CDF, on behalf of CDIB, announced the disposal of shares in CDIB Global Markets III Limited.

2015-10-26
Announcements

Date of announcement  2015/10/26
Time of announcement  18:41:55
Date of events  2015/10/26 
To which item it meets paragraph 20
Statement 
1.Name and nature of the subject matter (if preferred shares,
 the terms and conditions of issuance shall also be indicated,
 e.g.dividend yield):The common shares of GM III.
2.Date of occurrence of the event:2015/10/26
3.Volume, unit price, and total monetary amount of the transaction:
(1) Volume: 35,053,281shares.
(2) Unit price: USD0.7132.
(3) Total monetary amount of the transaction:USD25 million.
4.Counterpart to the trade and its relationship to the Company
  (if the trading counterpart is a natural person and furthermore
  is not an actual related party of the Company, the name of the
  trading counterpart is not required to be disclosed):
GM III is one of 100% owned subsidiaries of CDIB.
5.Where the counterpart to the trade is an actual related party,
  a public announcement shall also be made of the reason for choosing
  the related party as trading counterpart and the identity of the
  previous owner (including its relationship with the company and the
  trading counterpart), price of transfer, and date of acquisition:
(1)Reason for choosing the related party as trading
counterparty: In order to comply with financial plans
of CDIB and enhance the efficiency of capital use,
GM III acquired shares from CDIB and then cancelled it.
(2) The identity of the  previous owner (including its
relationship with the company and the trading counterpart),
price of transfer, and date of acquisition: Not applicable.
6.Where a person who owned the property within the past five years
  has been an actual related person of the company, a public
  announcement shall also include the dates and prices of
  acquisition and disposal by the related person and the
  person’s relationship to the company at those times:
 Not applicable.
7.Matters related to the creditor's rights currently being disposed
  of (including types of collateral of the disposed creditor's rights;
  if the creditor's rights are creditor's rights toward a related
  person, the name of the related person and the book amount of the
  creditor's rights toward such related person currently being
  disposed of must also be announced): Not applicable.

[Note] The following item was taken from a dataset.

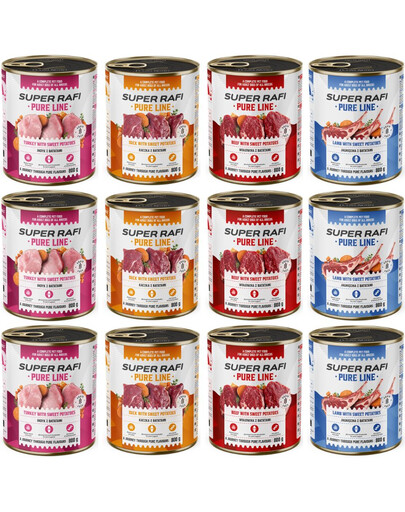 SUPER RAFI Pure Line Mix chutí 12x800g  krmivo pre psov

8.Anticipated profit or loss from the disposal (not applicable in
  cases of acquisition of securities) (where originally deferred, the
  status or recognition shall be stated and explained): USD 0
9.Terms of delivery or payment (including payment period and
  monetary amount), restrictive covenants in the contract, and
  other important stipulations:Follow the payment schedule
of the agreement.
10.The manner in which the current transaction was decided, the
   reference basis for the decision on price, and the decision-making
   department:
(1) The manner in which the current transaction
was decided, the reference basis for the decision
on price: By applying adjusted NAV method and the
valuation date is 2015/6/30.
(2)The decision-making department: The board of
directors.
11.Current cumulative volume, amount, and shareholding percentage
   of holdings of the security being traded (including the current
   trade) and status of any restriction of rights (e.g.pledges):
(1) Current cumulative volume: 76,452,000 shares.
(2) Amount: USD54,635,000.
(3) Shareholding percentage of holdings of the security
being traded (including the current trade):100%.
(4) Status of any restriction of rights: None.
12.Current ratio of long or short term securities investment
   (including the current trade) to the total assets and shareholder's
   equity as shown in the most recent financial statement and the
   operating capital as shown in the most recent financial statement:
(1)Current ratio to the total assets:83.12 %.
(2)Current ratio to the shareholder's equity: 85.53%.
(3)Operating capital: Not applicable.
13.Broker and broker's fee: Not applicable.
14.Concrete purpose or use of the acquisition or disposal:
Capital return to CDIB.
15.Net worth per share of the underlying securities acquired
   or disposed of:USD0.7206
16.Do the directors have any objection to the present transaction?:
No.
17.Has the CPA issued an opinion on the unreasonableness of the price
   of the current transaction?:No.
18.Any other matters that need to be specified:None.